The sure thing is, Chrome and other well known browsers are becoming rather heavy (too many features at the core) while simpler, lighter options exist [8] (I like Rekonq myself). The same goes for operating systems. It does not, however, mean that the big and potentially clumpy options are bad; it’s just that in practice they’re being optimised not for performance but for surveillance, lock-in, capturing of one’s tasks (even PDF readings/multimedia), and tying to various online service (YouTube, Microsoft's surveillance-friendly search, or remote-stored bookmarks).

Google — like Ubuntu — shows that just because something is free/libre software does not automatically make it benign.

Related/contextual items from the news:

  1. Does the LG Chromebase look too much like an iMac?

    Is the LG Chromebase too much like an iMac? And will Apple sue because of it?

  2. Google Launches Its Latest Chrome Web Browser, Version 31

    Chrome 31 includes some 25 bug fixes to the world’s most popular Web browser.

  3. Google Chrome 31 out now

    Google Chrome for Mac, Windows, and Linux has reached version 31, bringing the features we saw in the Chrome beta. In this update you’ll find…

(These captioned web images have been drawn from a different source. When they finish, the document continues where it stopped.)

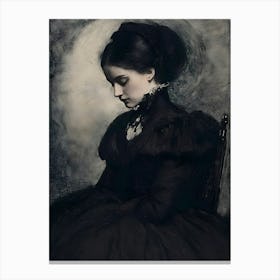 Dark Gothic Lady In Black 1 Canvas Print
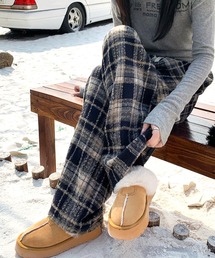 CANVAS+（キャンバスプラス）の「【CANVAS＋】コーデュロイチェック柄裏ボアリラックスパンツ（その他パンツ）」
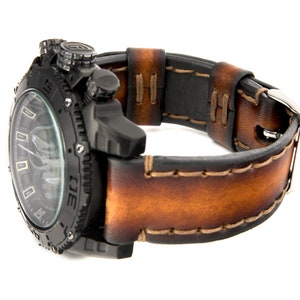 Leather Watch Strap, Hand-stitched Italian Leather Band: Custom Fit for all Watches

  4. Google: Chrome safer than Acrobat for PDFs

    Google’s François Beaufort has confirmed that starting with the Chrome Canary release for developers, users who have downloaded a PDF while in Chrome will find that the browser itself opens the file, rather than the native application.

  5. Google Delivers Voice Search Hotword Extension for Chrome
  6. Google Woos Developers with Packaged App Strategy, Updated Plumbing

    At its recent Chrome Developer Summit, Google officials made more clear than ever that they see the Chrome platform as a strategic on-ramp for Google’s services, with packaged apps and mobile apps playing a central role in that effort. As I’ve been covering recently, Google Chrome is, effectively, behaving much more like an operating system, in the sense that it is gaining plumbing and services that make it an effective springboard for applications.

  7. Google: Hey, devs – grab ahold of our Chromecast pipe and work it

    Google is working on a webbified development to build the “next generation” of Chrome Apps.

  8. 5 lesser-known browsers: Free, lightweight and low-maintenance

    Are Internet Explorer, Firefox or Chrome slowing your machine — or are they simply more than you need? We look at some alternatives.